また、請求項4から請求項10に記載の本発明の車両の走行安全装置によれば、安全装置の作動に対する信頼度を向上させることができる。
【発明を実施するための最良の形態】
【0025】
以下、本発明の一実施形態に係る車両の走行安全装置について添付図面を参照しながら説明する。
【0026】
図1に示すように、本実施の形態による車両の走行安全装置10は、例えば、内燃機関11の駆動力を、オートマチックトランスミッション(AT)あるいは無段自動変速機(CVT)等のトランスミッション(T/M)12を介して車両の駆動輪に伝達する車両に搭載され、ナビゲーション装置13と、制御装置14と、ブレーキアクチュエータ15および警報装置(図示略)を具備する安全装置(図示略)とを備えて構成されている。
【0027】
ナビゲーション装置13は、例えば現在位置検出部21と、ナビゲーション処理部22と、地図データ記憶部23と、入力部24と、表示部25とを備えて構成されている。
さらに、現在位置検出部21は、例えば人工衛星を利用して車両の位置を測定するためのGPS(Global Positioning System)信号や、例えば適宜の基地局を利用してGPS信号の誤差を補正して測位精度を向上させるためのD(Differential)GPS信号等の測位信号を受信する測位信号受信部31と、水平面内での自車両の向きや鉛直方向に対する傾斜角度(例えば、車両の前後方向軸の鉛直方向に対する傾斜角度や車両重心の上下方向軸回りの回転角であるヨー角等)および傾斜角度の変化量(例えば、ヨーレート等)を検出するジャイロセンサ32と、車両の速度(車速)を検出する車速センサ33とを備えて構成され、受信した測位信号によって、あるいは、車速やヨーレート等の検出信号に基づく自律航法の算出処理によって、車両の現在位置を算出する。
【0028】
地図データ記憶部23は、例えばハードディスク装置等の磁気ディスク装置や、例えばCD−ROMやCD−RやMOやDVD等の光ディスク装置等のコンピュータ読み取り可能な記憶媒体からなる。
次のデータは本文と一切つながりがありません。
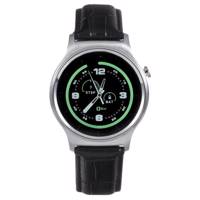 TTY Gmove GW01 Silver With Black Leather Strap Smart Watch ساعت هوشمند تی تی وای جی موو مدل GW01 silver with black leather strap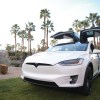 A white Tesla Model X SUV at the Citi Taste of Tennis at Hyatt Regency Indian Wells Resort & Spa in March 2018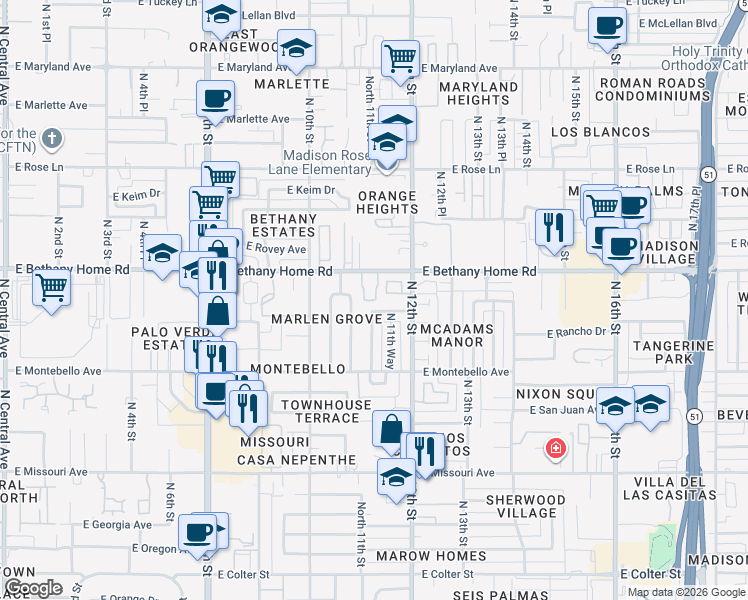 map of restaurants, bars, coffee shops, grocery stores, and more near 1131 East Palo Verde Drive in Phoenix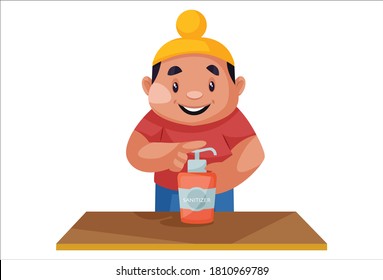 Ilustración gráfica vectorial. Un chico punjabí está usando un sanitizer. Individualmente sobre un fondo blanco.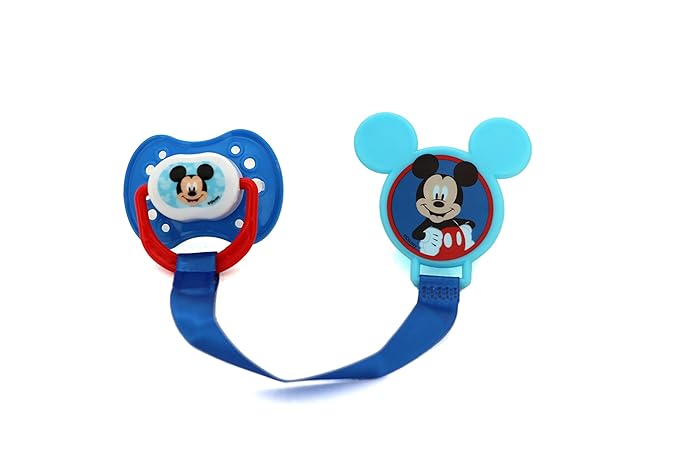 Disney Cudlie Mickey Mouse Baby Boy 4 Pack of 2 Pacifiers & 2 Clips with Old Time Mickey Print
そして、地図データ記憶部23は、例えば表示部25において地図を表示するための地図データとして、例えば道路の幅員データや複数の道路の交差角度や交差点の形状や位置等の道路データを格納している。
【0029】
ナビゲーション処理部22は、例えば、地図データ記憶部23から取得される道路データに対して、現在位置検出部21における測位信号および自律航法の算出処理のそれぞれ、又は、何れかから得られる車両の現在位置の情報に基づいてマップマッチングを行い、位置検出の結果を補正すると共に、検出された車両の現在位置、あるいは、各種スイッチやキーボード等からなる入力部24を介して操作者により入力された適宜の車両の位置に対して、表示部25での地図表示を制御する。
また、ナビゲーション処理部22は、例えば車両の経路探索や経路誘導等の処理を実行し、地図データ記憶部23から取得される道路データと共に、例えば目的地までの経路情報や各種の付加情報を表示部25へ出力する。
【0030】
制御装置14は、速度制御部41と、エンジン制御部42と、変速制御部43と、ブレーキ制御部44とを備えて構成され、運転者によるアクセルペダルの操作量に係るアクセル開度を検出するアクセル開度センサ51と、運転者によるブレーキペダルの操作量を検出するブレーキペダルセンサ52と、スロットル開度を検出するスロットル開度センサ53と、自車両に発生する加速度(例えば、車両前後方向の前後加速度および車両横方向の横加速度等)を検出する加速度センサ54とから出力される各検出信号が入力されている。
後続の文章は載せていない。